資源を余すことなく生かす 循環型のものづくり
木毛の〟くるくる〝とした柔らかなカールは、木の目に対して斜めに刃を入れるという繊細な職人技から生まれる。戸田商行では、乾燥作業に端材を燃料として使うなど、素材を無駄にしない工夫も徹底している。また、県産木材は香気成分が多く含まれていることから、山に廃棄されている枝葉を集め、杉や檜(ひのき)のオイルを抽出している。見学した生徒からは「木材が燃料になったり製品になったりしていてすごい」との声もあった。
森林率84%の高知でも、木に触れる機会は意外と少ない。今回見学した高岡高等学校の生徒たちも、松・杉・檜・楠(くすのき)の木毛に触れ、「木毛は知っていたけど、木の種類でこんなに違うとは思わなかった」と驚いていた。

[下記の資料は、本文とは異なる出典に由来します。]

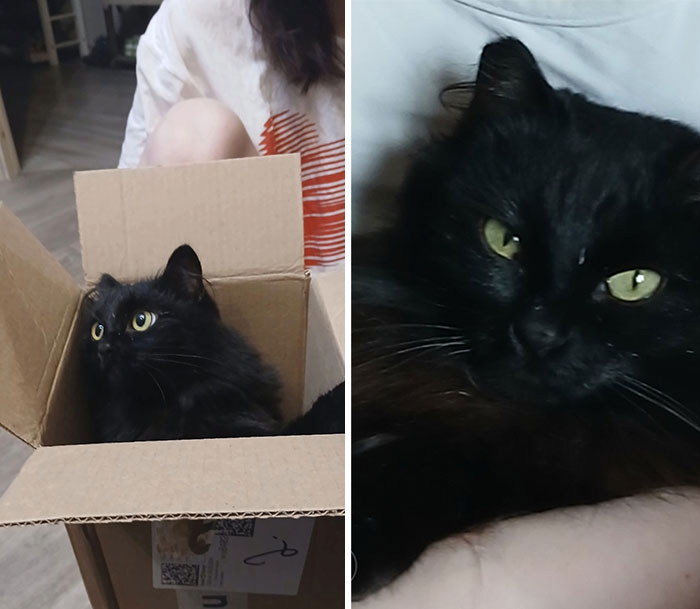 “Cat Grows”: 29 Side-By-Side Comparisons Of Cats Now And When They Were Little (New Pics)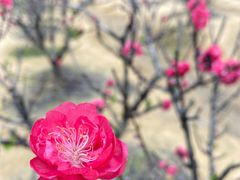 -南国桃园旅游度假区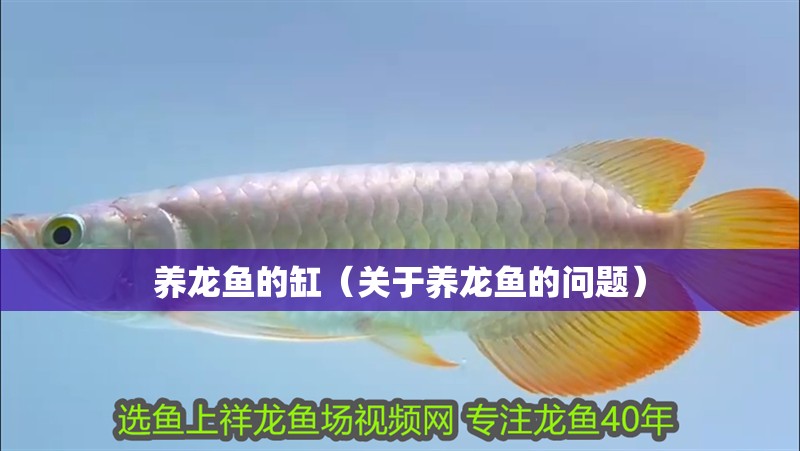 養龍魚的缸（關于養龍魚的問題）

戸田さんは「自然の良さを伝え、高知の木材文化を未来につなげたい」と語る。木毛は、その思いに触れられる入口となっている。




木毛(もくめん)

「もくめん」は、木材を細く削り乾燥させて作られる、天然素材の緩衝材。デリケートな青果や贈答品を守るために用いられてきた。起源は、明治天皇に献上する果物を包むため岡山の大工が考案したとされ、昭和40年代には全国で生産が広がった。その後、安価な代替品の普及などで製造業者は減っていき、「戸田商行」は現在、「日本最後の木毛工場」といわれている。